What is the difference between SOC (Separation of Concerns) and SRP (Single Responsibility Principle)?
👉 Jump down to “Peter’s Thoughts” to get straight to the answer
This is a question I get a lot in my technical trainings, so here is the answer from my viewpoint.
Lets start with some definitions…
Robert C. Martin, the originator of the term, expresses the principle as,
“A class should have only one reason to change“.
Because of confusion around the word “reason” he has also clarified saying that the “principle is about people.” In some of his talks, he also argues that the principle is, in particular, about roles or actors. For example, while they might be the same person, the role of an accountant is different from a database administrator. Hence, each module should be responsible for each role.
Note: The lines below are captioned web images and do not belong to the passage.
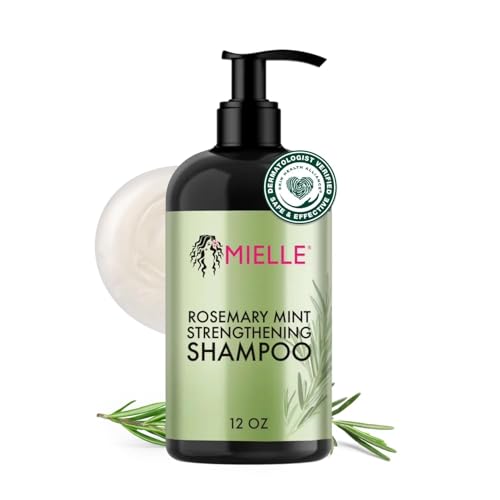 Rosemary Mint Biotin Strengthening Shampoo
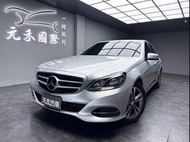 ☺老蕭國際車庫☺ 一鍵就到! 正2013年 W212 M-Benz E220 CDI Avantgarde 2.1 柴油 星耀銀(58)/實車實價/二手車/認證車/無泡水/無事故/到府賞車/開立發票/元禾/元禾老蕭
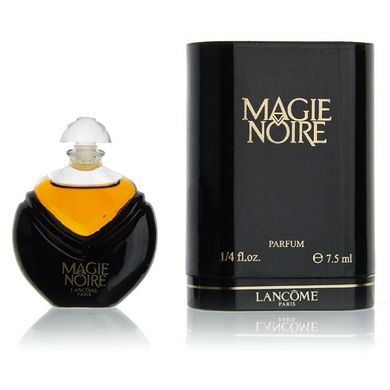 Оригинал Lancome Magie Noire 7.5ml рarfum Винтаж (мистический, роскошный, яркий, женственный парфюм)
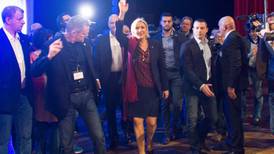 Marine Le Pen kicks off campaign promising French ‘freedom’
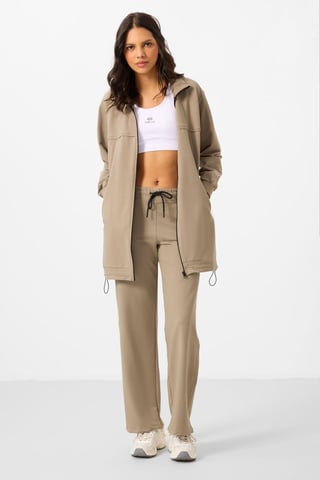 Fleece Tracksuit Set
Emphasis mine, from https://en.wikipedia.org/wiki/Single-responsibility_principle
In computer science, separation of concerns is a design principle for
separating a computer program into distinct sections.
Each section addresses a separate concern, a set of information that affects the code of a computer program.
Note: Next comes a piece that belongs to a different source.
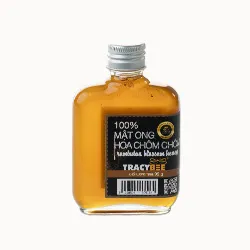 Sản phẩm Tracybee_Product Shooting_Honey Rambutan_95g@0.5x — Mật Ong Tracybee - Công Ty TNHH Ong Mật Tracybee — MST 0311756649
A concern can be as general as “the details of the hardware for an application”, or as specific as “the name of which class to instantiate”.
A program that embodies SoC well is called a modular program. Modularity, and hence separation of concerns, is achieved by encapsulating information inside a section of code that has a well-defined interface. Encapsulation is a means of information hiding.
Emphasis mine, from https://en.wikipedia.org/wiki/Separation_of_concerns
The principles have a lot in common, but what I think is the biggest difference is
#1 the timing when you think about those.
The #2 big difference is the flight level of the two principles.
The #3 difference is that “concerns” could be anything really and that’s why the flight levels are more generic.
#1 Timing – When do you consider it?
SOC is a principle that you think hard when you start with something new or during refactoring. I think of Separation Of Concerns as a process.
SRP is a principle that applies after the fact. You have something (class, package, namespace, module) in front of you and you think: “Does this too much?”
#2 Flight Level
SOC is very generic that can be applied on all levels.
SRP applies to functions, classes and modules, with the focus on outside responsibility.
Examples for “SOC applied on all levels”:
- Where do we put validation logic in our code base?
- Is that a concern that should be in a general place?
- Is this done automagically by our framework that does this via annotations or attributes
- Is this done in every outer boundary method manually and we have code reviews to ensure that concern is there?
- The Separation of Functional Core and Imperative Shell is applying the SOC principle
#3 The terms “responsibility” VS “concern”
- “responsibility” reminds me of OO (see flight levels)
- “concern” could be anything in my language world: activity, task, goal, responsibility, request, pure…
It’s more about “where is this concern visible or delegatable to”
Here you go… 3 reasons how we might distinguish the two principles ….
🤔 Additional Thoughts
From my developer community (Thanks Urs Enzler and Marko Marković!) I got the following additional inputs:
- I prefer to think about cohesion instead of SRP or SOC
- SRP as business behaviour and SOC as technical implementation
- SRP is an instance of SOC in software design. SOC is a broad principle.
- I view SoC as meta-principle (i.e. a more generic, principle-of-principles) whereas other princes, like SOLID, or DRY, even LoD, or SLAP. are specific principles.
Specific instances (principles) that fall under the larger umbrella of SoC include:
- Separate Interface from Implementation
- Separate Data from Representation
- Command-Query Separation (CQRS)
- Interface Segregation (ISP)
- Separate Construction from Use
- Separate Business logic/layer/domain from <> (e.g., solution | presentation | …)
How do you distinguish these 2 principles?
What makes you think of them differently?